What the task requires: Everything from the line containing "LP - Phil Lynott - Solo In Soho" through the line containing "參加現(xiàn)代農(nó" in the listing below should be copied exactly, and nothing more.

Input data:

_ _ _ _

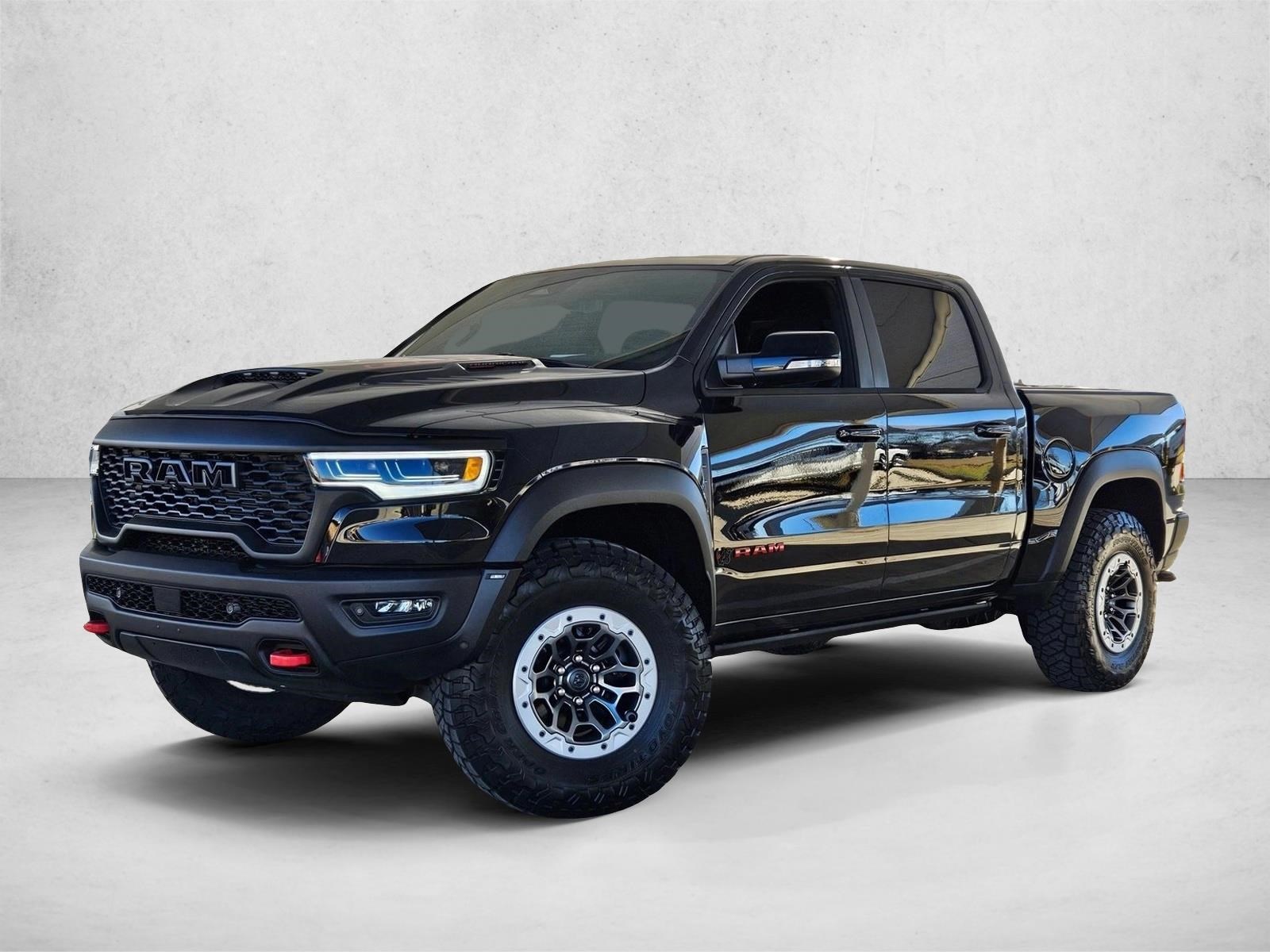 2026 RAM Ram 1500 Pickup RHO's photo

_ _ _ _

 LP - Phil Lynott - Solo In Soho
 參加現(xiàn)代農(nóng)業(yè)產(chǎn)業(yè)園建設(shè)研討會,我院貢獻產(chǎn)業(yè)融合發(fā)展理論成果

_ _ _ _

Response to the task:
 LP - Phil Lynott - Solo In Soho
 參加現(xiàn)代農(nóng)業(yè)產(chǎn)業(yè)園建設(shè)研討會,我院貢獻產(chǎn)業(yè)融合發(fā)展理論成果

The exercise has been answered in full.